__YOUR TASK__
Quote all of the data exactly as given. Skip every picture it contains.

Data extracted from a collection

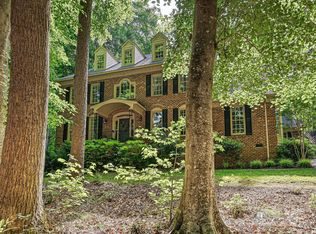 2313 Beechwood Dr, Waxhaw, NC 28173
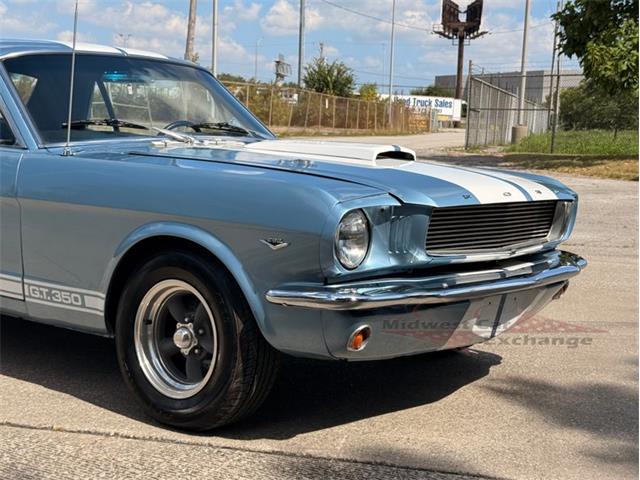 1965 Ford Mustang (CC-2107124) for sale in Alsip, Illinois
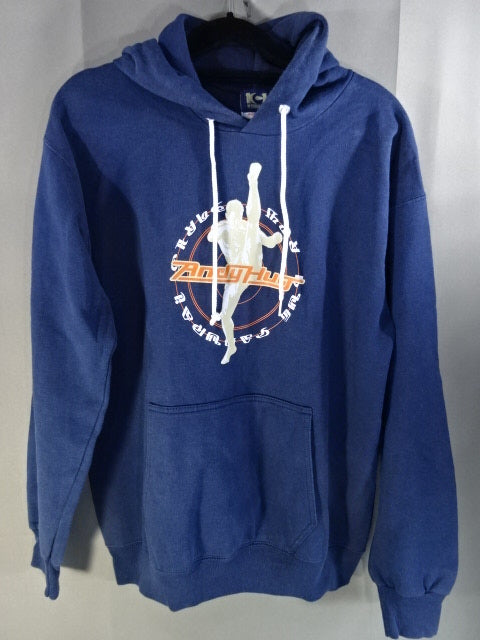 アンディ・フグ プルオーバーパーカー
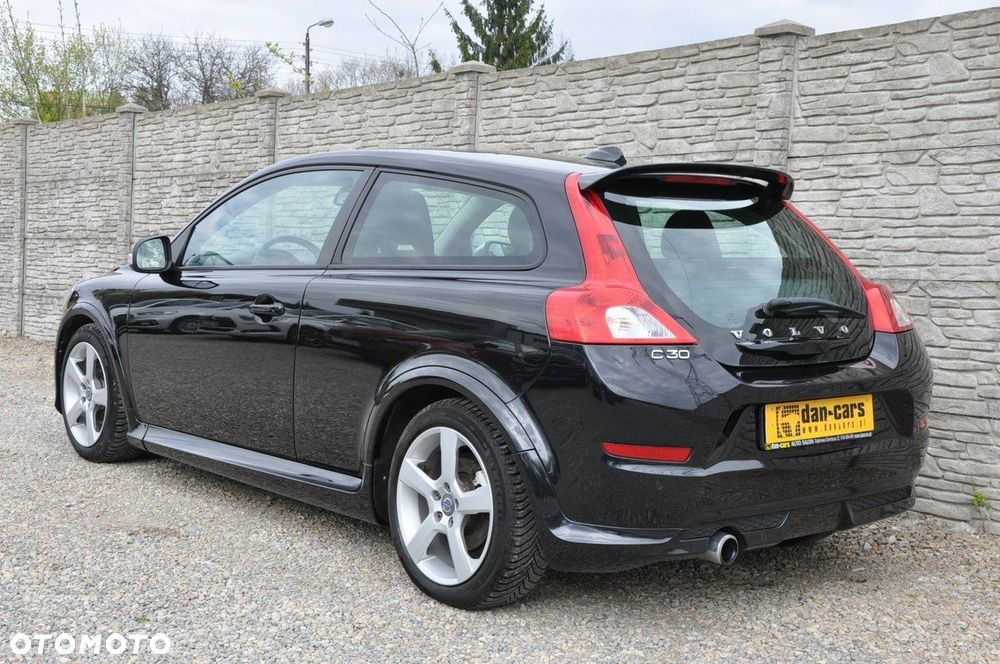Volvo C30 - 3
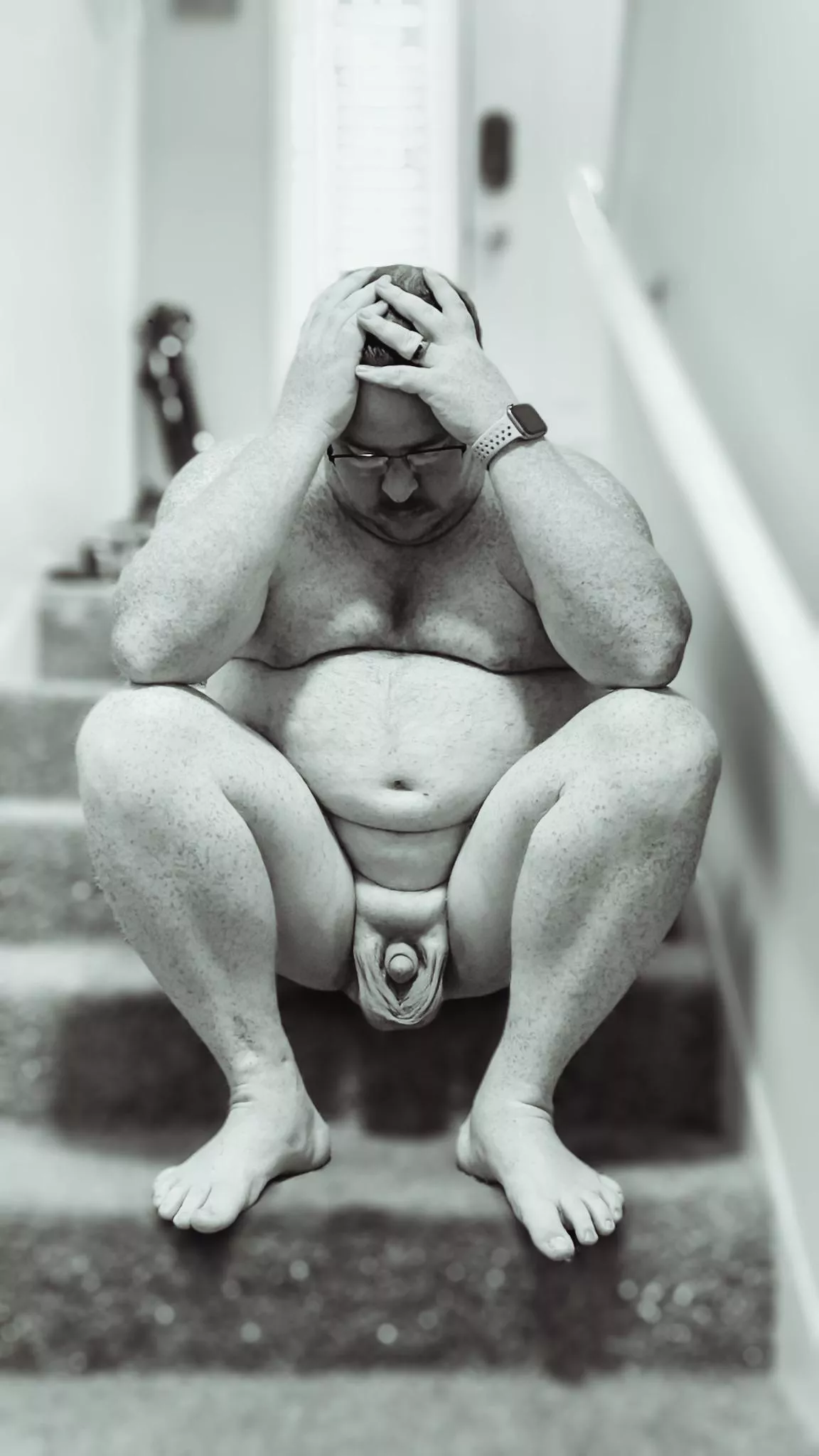 Life isn’t always full of roses and beautiful hikes. On this monochrome Monday keep those in your thoughts and prayers who are struggling and might need to hear some kind words because they are ready to give up. It’s been a rough day for me.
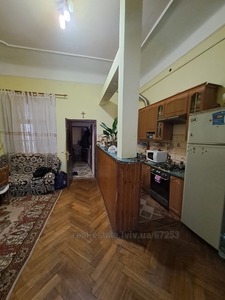 Buy an apartment, Polish suite, Grushevskogo-M-vul, Lviv, Galickiy district, id 4966320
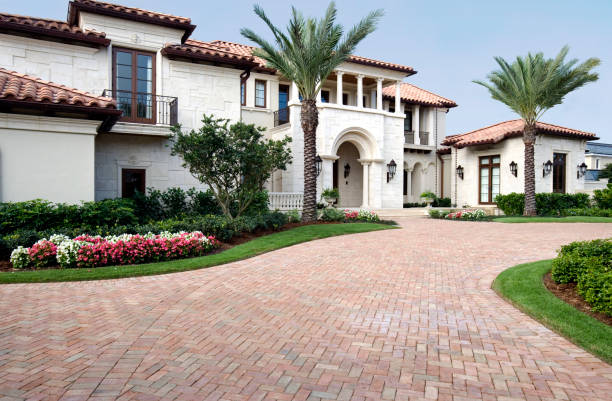 Best Local Driveway Pavers  in Lake Of The Pines, CA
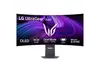 LG 45GX950A-B Gaming Monitor - 45", WUHD, OLED, Black – מסך מחשב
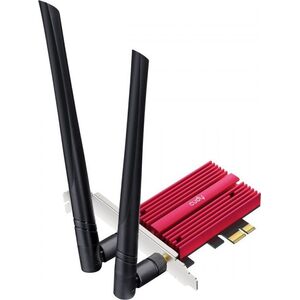 Karta sieciowa Cudy CUDY WE9300 BE9300 Wi-Fi 7 PCI Express Adapter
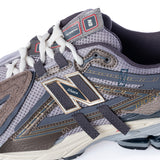 NEW BALANCE 1906 U19066U8 REFINED FUTURE THUNDER BROWN SLATE GREY - Shoelosophy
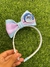 Tiara de Cabelo divertidamente - DMaria Moda Infantil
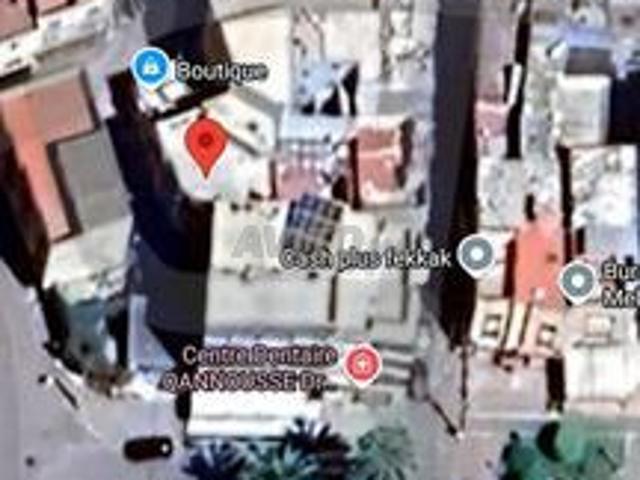 Appartement location à Settat, Gharb-Chrarda-Beni Hssen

__SOLUTION FOR THIS EXERCISE__
 2313 Beechwood Dr, Waxhaw, NC 28173
 1965 Ford Mustang (CC-2107124) for sale in Alsip, Illinois
 アンディ・フグ プルオーバーパーカー
Volvo C30 - 3
 Life isn’t always full of roses and beautiful hikes. On this monochrome Monday keep those in your thoughts and prayers who are struggling and might need to hear some kind words because they are ready to give up. It’s been a rough day for me.
 Buy an apartment, Polish suite, Grushevskogo-M-vul, Lviv, Galickiy district, id 4966320
 Best Local Driveway Pavers  in Lake Of The Pines, CA
 LG 45GX950A-B Gaming Monitor - 45", WUHD, OLED, Black – מסך מחשב
 Karta sieciowa Cudy CUDY WE9300 BE9300 Wi-Fi 7 PCI Express Adapter
 NEW BALANCE 1906 U19066U8 REFINED FUTURE THUNDER BROWN SLATE GREY - Shoelosophy
 Tiara de Cabelo divertidamente - DMaria Moda Infantil
 Appartement location à Settat, Gharb-Chrarda-Beni Hssen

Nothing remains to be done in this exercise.